An interview with Steve Swallow
By JON GARELICK | June 30, 2009
DO YOU REMEMBER EXACTLY HOW YOU GUYS FIRST GOT TOGETHER? I have a memory. I tend to distrust them, but my recollection is that I met Gary when he called me up and asked me if I would consider playing in Stan Getz's band, which he was already in. I believe Jim Hall told Gary about me and then it was on the basis of Jim's word that Gary gave me a call. So what I distinctly remember is going to his apartment and playing with him in a kind of audition, I guess. Just the two of us. And striking an immediate strong rapport. It's an indelible memory in fact because it was so strong right off the bat; we were playing together effortlessly and it was a lot of fun. Which is lucky for me because I got the gig with Stan, and that turned out to be a good thing. And it gave Gary and I a couple of years of playing together — under Stan — before he started his own ventures. So we were more than solid together as players by the time he left Stan and started his own band.
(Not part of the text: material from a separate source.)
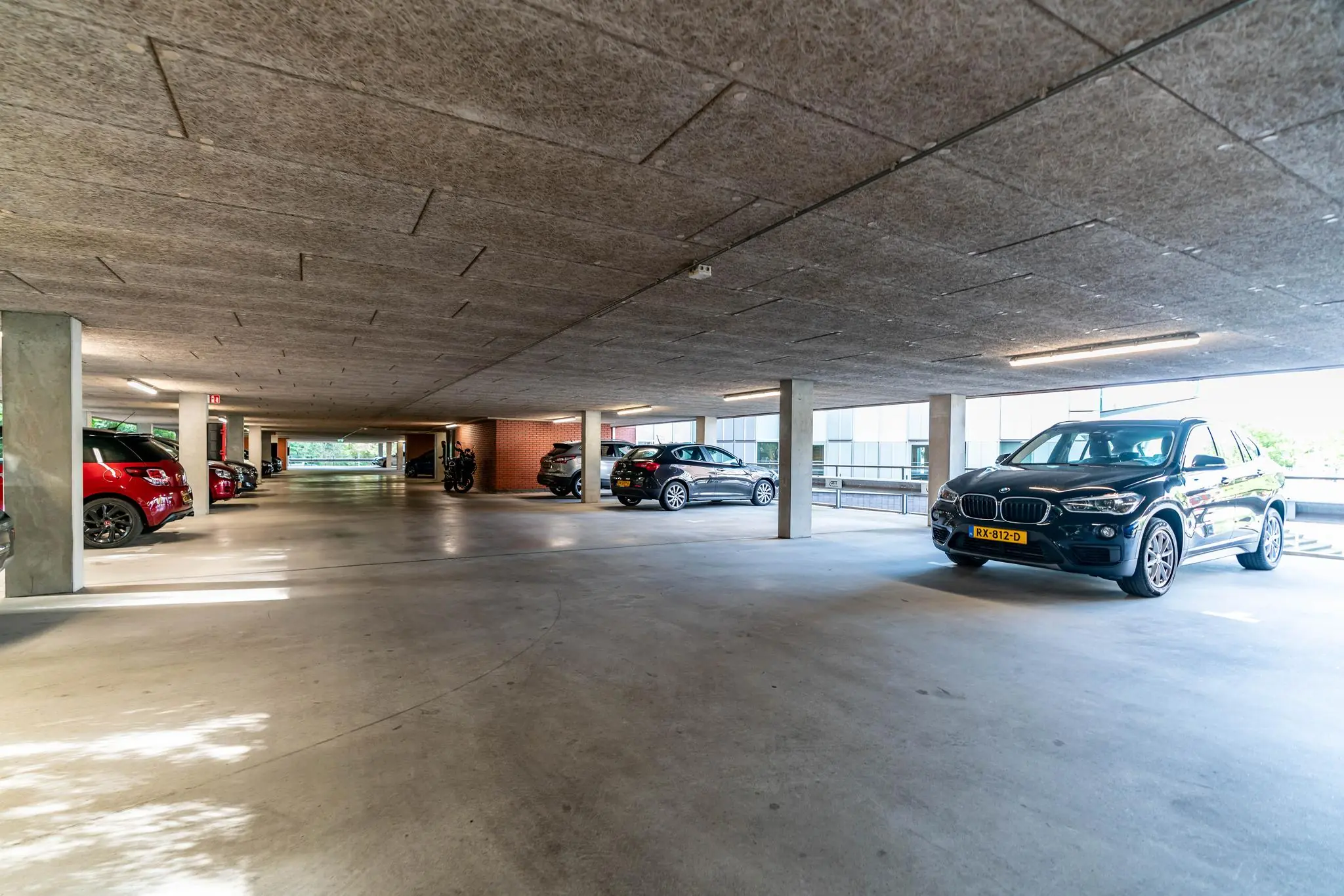 Overdekte parkeergarage met geparkeerde auto's bij Delftechpark in Delft.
I WAS TALKING TO GARY A LOT ABOUT HOW THE TWO OF YOU WERE VERY INTERESTED IN BRINGING IN ROCK AND FOLK, CONTEMPORARY POP, AND EVEN CLASSICAL INTO THE JAZZ REPERTOIRE AND INTO THE WRITING. IS THAT SOMETHING THAT STARTED IN STAN'S BAND? Yeah, maybe so. I think Stan did have a kind of openness to music outside of the strictest definitions of jazz, and the jazz community was at that time incredibly strict and stern, formidably so. I mean it was really heretical I think when we started growing our hair long and playing a lot of straight eighth-note music. That's one thing that Stan certainly did was to extend himself to Brazilian music; he really got inside that music I think, and in the course of playing with him I think Gary and I did too. In fact before I joined Stan I had been playing with João Gilberto when he first began coming up to North America to work. So I had already discovered an affinity for Brazilian music and in particular for João Gilberto and Jobim. Which was already a bit of a first step outside of the orthodoxy.
But I had throughout the '50s and into the early '60s been very typical of the jazz musicians of that time. I had nothing but disdain for popular music. And for the electric bass as well; but little did I know how thoroughly turned around that world would be in the mid- and late-'60s. One of the first rumblings that there was music outside of jazz that was really worthy of attention was when in I guess '61 or, yeah I would say '61, Carla Bley started playing Supremes records around her and Paul's house. [In fact, probably 1964; See "Giant Steps" for correction.] And at first I was just kind of amused and perplexed by her obvious devotion to this music and her obvious regard for it. But I was hanging out at their house all the time so I was thoroughly exposed to the Supremes and I began to get it, I began to catch on that there was something there, there was something really powerful there.